PwC had also been repeatedly criticized by the PCAOB for its auditing of goodwill. From my August 10, 2009 post, PwC and Huron: Goodwill Too Good To Be True:
PwC is inspected by the PCAOB every year. The 2006 report issued in October of 2007 cites a deficient audit (out of six cited) where,
“the Firm failed to sufficiently test certain assumptions that management used in its goodwill impairment test…there was no evidence in the audit documentation, and no persuasive other evidence, that the Firm had evaluated the appropriateness of the projections, other than by making inquiries of management.”
Again in the 2007 report, issued in June of 2008, six deficiencies were cited. One faulted PwC for failing to test the underlying data and the calculation of an award allocation related to a goodwill impairment analysis.

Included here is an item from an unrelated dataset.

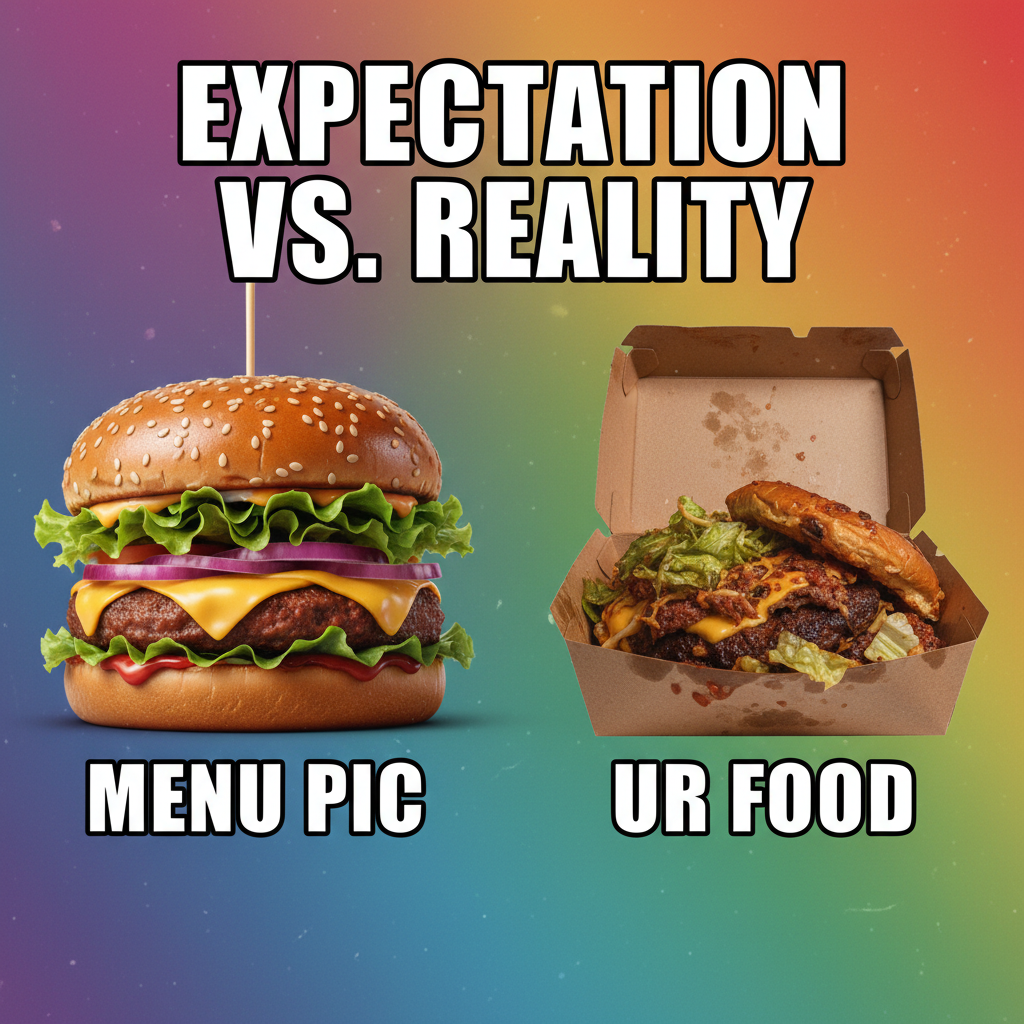 Ordered a burger, got a deconstructed mystery meat sandwich. Food delivery, why u do this?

“The Firm also failed to assess whether the methodology was applied consistently from year to year and whether the incorporation of the award allocation into the [goodwill impairment] analysis was appropriate.”
In another deficiency cited in the 2007 report, PwC
“…failed to test certain of management’s key assumptions supporting an assertion that payments following the modification of contingent consideration after a significant acquisition represented additional purchase price rather than employment compensation to the sellers or other current-period expense. They also failed to identify and address that the modification rendered the issuer’s disclosure of the agreement inaccurate.”

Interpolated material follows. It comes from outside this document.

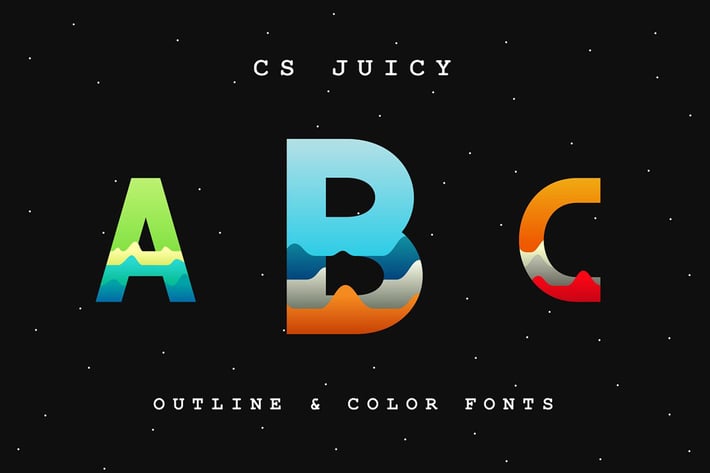 CS Juicy Font.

In the report for 2008, all of the deficiencies cited were as a result of inadequate evidence to support opinions related to goodwill impairment.
“…In some cases, the deficiencies identified were of such significance that it appeared to the inspection team that the Firm, at the time it issued its audit report, had not obtained sufficient competent evidential matter to support its opinion on the issuer’s financial statements. The deficiencies that reached this degree of significance are described below, on an audit-by-audit basis, with the exception of similar deficiencies that were observed in multiple audits and are therefore grouped together…In four audits, due to deficiencies in its testing of goodwill for possible impairment, the Firm failed to obtain sufficient competent evidential matter to support its audit opinion.”
Will PwC ever be held accountable by the PCAOB or the SEC for its advice, potentially violating the Sarbanes-Oxley independence requirements, or its negligence in not following up on the red flags that were presented by the questions and discussions early on related to so many acquisitions in such a short time?
Huron Consulting is now a very different firm.
Jonathan Weil at Bloomberg sums it up:
The [SEC] deal caps a remarkable act of corporate self-immolation. One of Huron’s main businesses had been providing forensic-accounting advice to other companies, including those under SEC investigation for accounting fraud. The company sold part of its disputes-and-investigations practice in 2010 and shuttered the rest.